Research also suggests that students are more likely to remember information when they take it in socially. Schools could apply that lesson by having older students tutor younger ones.
"If you have an eighth grader teach a sixth grader, the eighth grader's motivation is social: to help this other student and not embarrass himself," Lieberman said. "Getting everyone to be both teacher and learner would create enthusiasm for learning."
In the book, Lieberman also suggests that business leaders might benefit from understanding people's social motivations. Studies by other researchers have shown that feeling liked and respected in the workplace activate the brain's reward system in the same way that financial compensation does—and that social rewards might be at least as effective as money in motivating workers. And a study by Lieberman demonstrated that people were usually willing to return money that had been given to them if it meant that others would write kind words about them.
The book also describes a study of 60,000 leaders which found that less than 5 percent excel at both achieving important results and building social relationships. "Not many people effectively combine the two," Lieberman said.
"Social" also gives real-life context for research by Lieberman and colleagues that used functional magnetic resonance imaging (fMRI) to show that neural mechanisms make us profoundly social beings.
The importance of social connection is so strong, he writes, that when we are rejected or experience other social "pain," our brains "hurt" in the same way they do when we feel physical pain.
"Social and physical pain are more similar than we imagine," Lieberman said. "We don't expect someone with a broken leg to 'just get over it.' Yet when it comes to the pain of social loss, this is a common — and mistaken — response."

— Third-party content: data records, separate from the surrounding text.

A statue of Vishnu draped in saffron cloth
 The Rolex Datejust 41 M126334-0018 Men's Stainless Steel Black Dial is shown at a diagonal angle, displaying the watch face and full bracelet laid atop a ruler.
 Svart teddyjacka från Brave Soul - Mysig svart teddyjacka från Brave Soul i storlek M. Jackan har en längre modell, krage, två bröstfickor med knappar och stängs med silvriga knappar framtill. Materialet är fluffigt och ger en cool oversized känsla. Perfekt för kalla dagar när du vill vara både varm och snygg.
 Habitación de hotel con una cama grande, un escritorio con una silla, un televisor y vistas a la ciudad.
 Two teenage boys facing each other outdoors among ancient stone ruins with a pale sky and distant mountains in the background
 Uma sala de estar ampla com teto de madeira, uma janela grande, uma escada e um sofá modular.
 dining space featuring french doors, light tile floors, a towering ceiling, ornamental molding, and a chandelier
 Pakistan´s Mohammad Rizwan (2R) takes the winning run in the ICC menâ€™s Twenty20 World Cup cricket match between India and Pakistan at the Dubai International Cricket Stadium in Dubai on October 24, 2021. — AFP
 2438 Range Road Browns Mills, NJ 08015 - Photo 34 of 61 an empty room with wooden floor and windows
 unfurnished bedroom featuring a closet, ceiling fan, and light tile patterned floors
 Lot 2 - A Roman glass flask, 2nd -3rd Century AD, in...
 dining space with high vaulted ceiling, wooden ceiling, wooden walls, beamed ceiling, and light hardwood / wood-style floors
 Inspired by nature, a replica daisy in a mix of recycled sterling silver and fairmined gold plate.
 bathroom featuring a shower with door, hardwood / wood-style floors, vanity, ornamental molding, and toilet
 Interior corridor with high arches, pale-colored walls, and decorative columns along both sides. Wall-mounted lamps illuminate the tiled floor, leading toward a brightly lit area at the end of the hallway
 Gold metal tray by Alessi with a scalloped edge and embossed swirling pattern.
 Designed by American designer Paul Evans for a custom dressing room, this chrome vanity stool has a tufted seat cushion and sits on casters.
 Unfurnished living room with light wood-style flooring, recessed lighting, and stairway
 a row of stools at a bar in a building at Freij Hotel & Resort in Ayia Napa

Our social nature is so powerful that it even may dictate how effective we are in developing new innovations and producing major societal changes. "We're wired to see things and think, 'How can I use this to help other people that I know?'" Lieberman said. "I can have the most brilliant idea for an invention, but if I can't convey that to other people in a way that they'll help me build it and market it to other people, it's just an idea in my head. If we're not socially connected, even great ideas wither."